Will Crothers

Personal information
- Full name: William Crothers
- Nationality: Canada
- Born: June 14, 1987 (age 39) Kingston, Ontario
- Height: 195 cm (6 ft 5 in)
- Weight: 95 kg (209 lb)

Medal record
Men's rowing
Representing Canada
Olympic Games
| Silver medal – second place | 2012 London | Eight |
World Championships
| Silver medal – second place | 2006 Dorney | Coxed four |
| Bronze medal – third place | 2011 Bled | Eight |
World U23 Championships
| Gold medal – first place | 2006 Heindonk | Eight |
| Silver medal – second place | 2008 Brandenburg an der Havel | Eight |
World Junior Championships
| Bronze medal – third place | 2004 Banyoles | Coxed four |
Pan American Games
| Gold medal – first place | 2015 Toronto | Coxless four |
| Gold medal – first place | 2015 Toronto | Eight |

= Will Crothers =

Canadian rower (born 1987)

Will Crothers (born June 14, 1987) is a Canadian rower. He started rowing in grade 9 for KCVI, following his brother into the sport. Within just a few years, Crothers and his rowing partner, Rob Gibson, were Canadian high school champions in the senior coxless pair in 2005. Additionally, Crothers was named Ontario Male Athlete of the Year in 2005.

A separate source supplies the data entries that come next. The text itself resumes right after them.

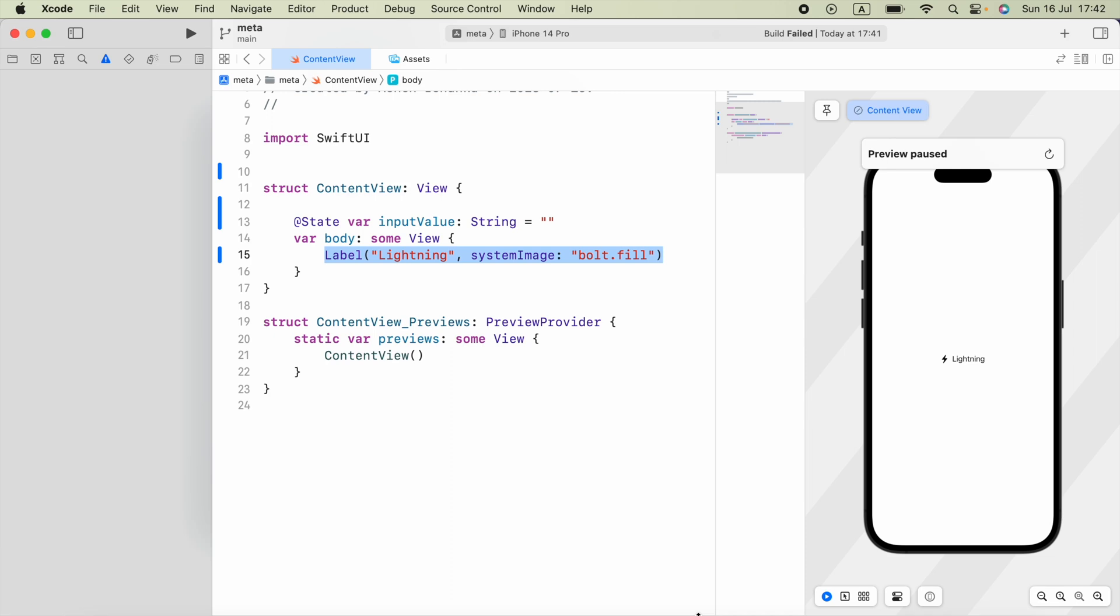Hello everyone, in this video we are going to see how we can detect when editing of a text field begins or ends.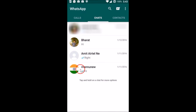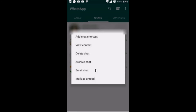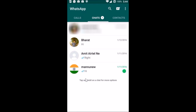So suppose I want to mark this chat as unread — I just need to press and hold the chat, and I get this pop-up. Here we have the option 'Mark as Unread'. Just tap on it, and as you can see we have this green circle, which means the chat is marked as unread.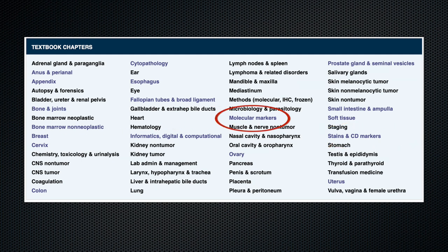We've also added a new molecular chapter. We're considering adding a cytopathology chapter, which would consolidate cytology topics from other chapters and add a few of its own. Let us know what you think.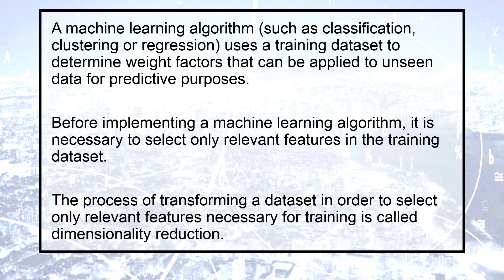Before implementing a machine learning algorithm, it is necessary to select only relevant features in the training dataset. The process of transforming a dataset in order to select only relevant features necessary for training is called dimensionality reduction.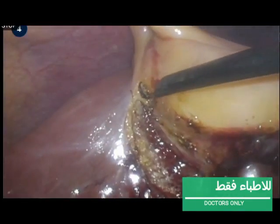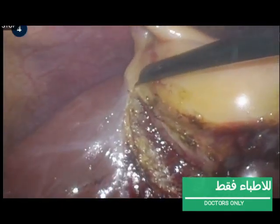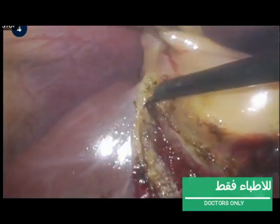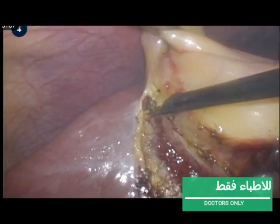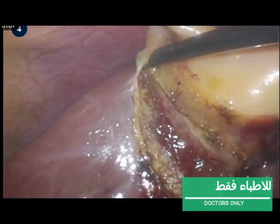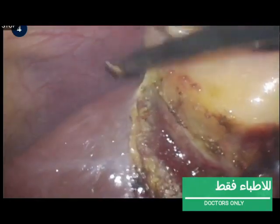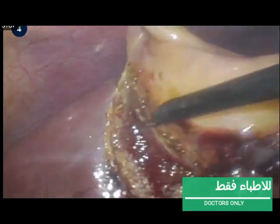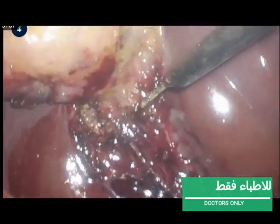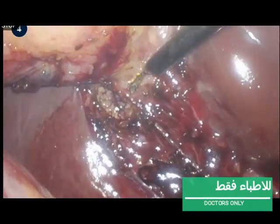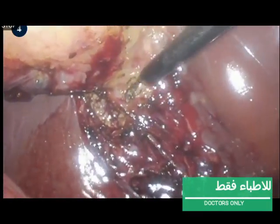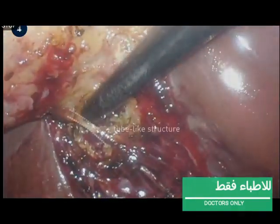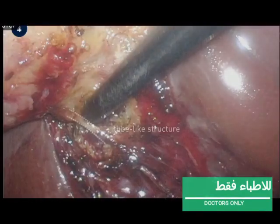When dissecting too much towards the liver, bleeding will occur. When dissecting too much towards the gallbladder, one can perforate the gallbladder with bile leakage as a result. Be aware of the possibility of aberrant bile ducts and additional arterial or venous structures when dissecting the gallbladder from the liver bed. Here, a tube-like structure is transected.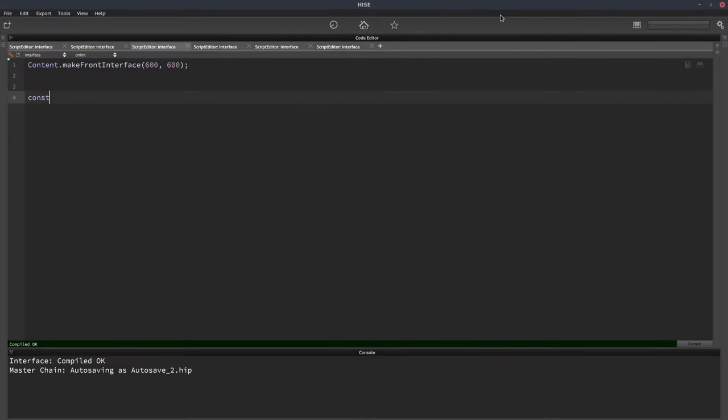Sometimes you might have a number like this with a lot of decimal places. Let me just put an equal sign in that. There we go.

He won a silver medal at the 2012 Summer Olympics in the men's eight, just behind the German team, with Andrew Byrnes, Gabriel Bergen, Jeremiah Brown, Douglas Csima, Robert Gibson, Malcolm Howard, Conlin McCabe and Brian Price.

In June 2016, he was officially named to Canada's 2016 Olympic team. The men's coxless four finished 6th overall in A-Final after making it through their heat and semifinal in good standing.

Crothers competed at the 2020 Summer Olympics in the men's coxless four where the Canadian crew finished 8th overall.